Two long-time broadband advocates in the Senate have introduced legislation that aims to reshape the management and allocation of wireless spectrum, aiming to free up new capacity for high-speed mobile Internet service.
On Wednesday, Sens. John Kerry (D-Mass.) and Olympia Snowe (R-Maine), who have worked together on spectrum issues before, introduced the RADIOS Act, which would direct the agencies that oversee commercial and government spectrum to conduct a thorough inventory of the current allocations of airwaves.
The bill would also authorize the Federal Communications Commission to conduct so-called incentive auctions, offering TV broadcasters that agree to give up their licenses a portion of the proceeds from reselling their spectrum at auction to wireless providers.
The legislation comes as the latest push from policymakers who worry that the surging use of broadband-enabled mobile devices like smartphones and tablets will overwhelm wireless networks if the government does not take steps to make more spectrum available.
“Unfortunately, the government’s current spectrum management framework is inefficient and has not kept up with technological advancements to ensure providers have the necessary wireless capacity to meet growing demand for this finite resource,” Snowe said in a statement.

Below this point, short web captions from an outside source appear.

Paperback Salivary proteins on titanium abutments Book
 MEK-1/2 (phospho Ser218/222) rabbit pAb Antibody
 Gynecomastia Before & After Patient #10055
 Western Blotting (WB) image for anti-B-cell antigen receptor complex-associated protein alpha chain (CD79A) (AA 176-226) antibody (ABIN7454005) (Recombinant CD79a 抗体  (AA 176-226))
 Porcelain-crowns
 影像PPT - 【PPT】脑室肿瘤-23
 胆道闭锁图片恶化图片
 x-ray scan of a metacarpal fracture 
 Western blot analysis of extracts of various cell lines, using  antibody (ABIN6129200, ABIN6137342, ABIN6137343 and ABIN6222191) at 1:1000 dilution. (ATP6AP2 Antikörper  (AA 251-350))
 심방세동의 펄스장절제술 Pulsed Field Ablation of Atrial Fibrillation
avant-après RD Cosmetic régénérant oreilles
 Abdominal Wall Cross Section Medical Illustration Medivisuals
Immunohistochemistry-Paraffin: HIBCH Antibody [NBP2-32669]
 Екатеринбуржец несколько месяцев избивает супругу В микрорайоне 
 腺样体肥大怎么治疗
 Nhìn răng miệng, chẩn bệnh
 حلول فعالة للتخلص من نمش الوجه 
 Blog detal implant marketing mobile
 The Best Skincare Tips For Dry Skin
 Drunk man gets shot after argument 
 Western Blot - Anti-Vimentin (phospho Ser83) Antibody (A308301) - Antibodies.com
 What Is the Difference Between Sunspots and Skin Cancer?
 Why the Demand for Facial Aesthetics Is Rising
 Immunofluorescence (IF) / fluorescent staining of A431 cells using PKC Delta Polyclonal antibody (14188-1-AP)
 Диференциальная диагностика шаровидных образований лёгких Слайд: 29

Kerry and Snowe described their legislation as a complement to the plan the White House unveiled this year to deliver high-speed mobile broadband service to 98 percent of the country within five years. That proposal, which President Obama floated in his January State of the Union address and fleshed out in a speech last month, also endorses the incentive auction framework, which administration officials say will create a windfall that would help pay down the deficit even after TV broadcasters are compensated and the related government activities are funded.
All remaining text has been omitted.